I reread William Gaddis’s 1975 novel J R this February and, as is usually the case with a reread, I was pleasantly unsurprised by all its unremembered surprises—the jokes and japes, riffs and routines that had oozed from my brain-sieve since that first read back in 2012.

How could I forget about a scheme to freeze sound, or an art theft subplot, or the Indian uprising? How could I forget that in J R, Gaddis anagrammatically parodies the critical rejections of his first novel The Recognitions? (I did remember the stuffed Eskimo).

2.

What I was surprised surprised surprised about in my rereading of J R was how much of the first reading had stuck. And stuck hard, soaked in, saturated—the sign of a great grand thing, the em-word thing, the masterpiece thing.

3.

Only a handful of novels are so perfectly simultaneously comic and tragic. Moby-Dick? Yes. Gravity’s Rainbow? Absolutely. (G R and J R, a duo published two years apart, spiritual twins, massive American novels that maybe America hardly deserves (or, rather: theses novels were/are totally the critique America deserves). I guess maybe what I’m saying is J  R is the Great American Novel to Come (The Recognitions is perhaps overpraised and certainly not Gaddis’s best novel; J R is. The zeitgeist has been caught up to J R, the culture should (will) catch up).

4.

So I already wrote on J R on this blog: A misfire of sorts from halfway through (in which I offer more description of the novel’s plot and form than I intend to here, maybe), and a thing I wrote after finishing it which (this thing I wrote before, I mean) might be better than anything I can muster here, in terms of analysis, of like, theme. I’ll limit myself to, I don’t know, eleven points in this riff, yes? (Why 11? Why not? Why not go to 11? 11 for Chapter 11, for bankruptcy, for the moral artistic intellectual bankruptcy that the novel J R skewers). So, having limited myself to eleven points, and having not gotten to the damn point yet, which is—

5.

J R is so good, y’all. The book is a performance, an opera, an essay on America, a howl, a condemnation, a farce, a romance, a tragedy. When I read it in 2012 I couldn’t believe how prescient it was, a feeling reconfirmed with force four years later. J R diagnoses and describes and ridicules American corporatism, the industrial-military-entertainment-banking-education-etc. -complex. And then it weeps.

6.

But wait—what I wanted to say is J R is so good—so, uh, entertaining. It’s fucking funny. And sweet.

7.

(And bitter).

8.

And J R’s not as hard a read as some dudes would have you believe. Sure, it’s composed almost entirely in unattributed dialogue—and that can be tough, to start, but you can learn to hear it very quickly.

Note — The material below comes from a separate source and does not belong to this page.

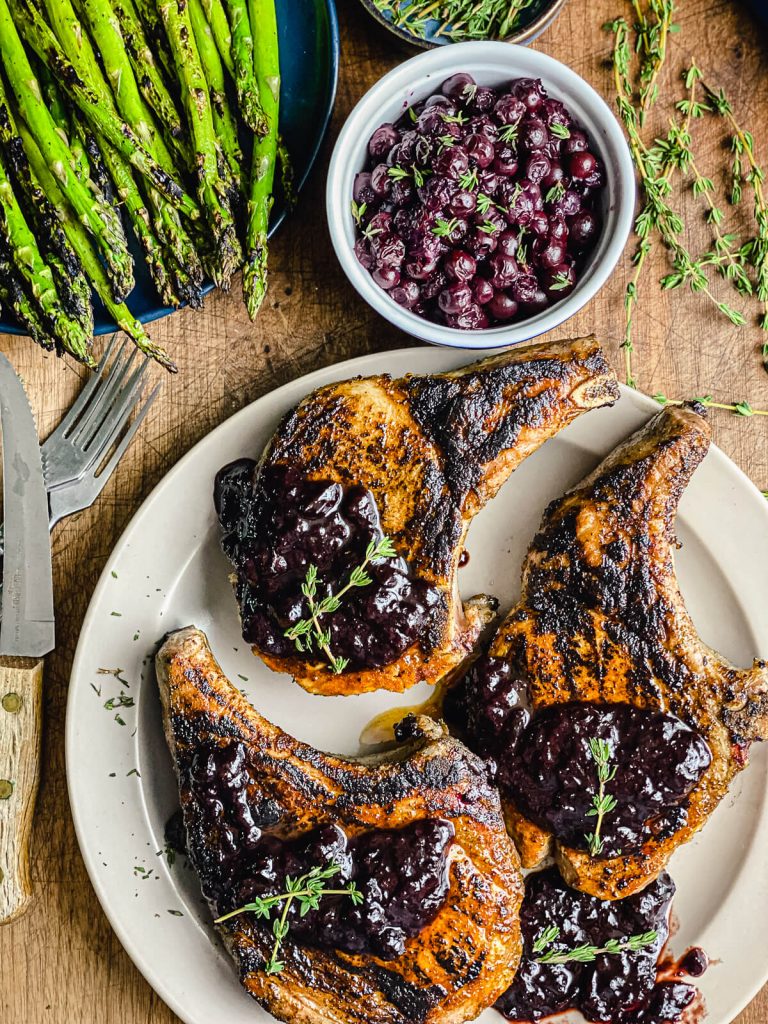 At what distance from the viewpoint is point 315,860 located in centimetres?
318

In his essay “William Gaddis and His Goddamn Books,” William Gass writes that, “J R takes time. J R takes patience. J R takes faith.” But Gass also points out the payoff of J R “unlike other faiths…is immediately and continuously redeeming.”

It is redeeming (continuously), and I don’t just echo Gass here as some kind of rhetorical flourish—reading J R again was a reminder that the novel posits redemption through Bast’s call to action, to his resolve to, as the failed writer (or stymied writer) Eigen puts it, “go do what [he has] to do” to make real art—or, in our hero Bast’s own terms: “…until a performer hears what I hear and can make other people hear what hears it’s just trash isn’t it…”

9.

And in J R the reader becomes the performer, making the voices, singing the voices, (muttering the voices), navigating all the trash, the entropy—J R is a novel of unraveling, where art trips over commercial trash and literal trash–old ads, betting tickets, stock ticker tape, phone book pages, train tickets, scraps. Is there another American novel so aware of its own textuality, its own metatextuality—I mean one that doesn’t goddamn wink all the time at its readers like so much clever postmodern slop?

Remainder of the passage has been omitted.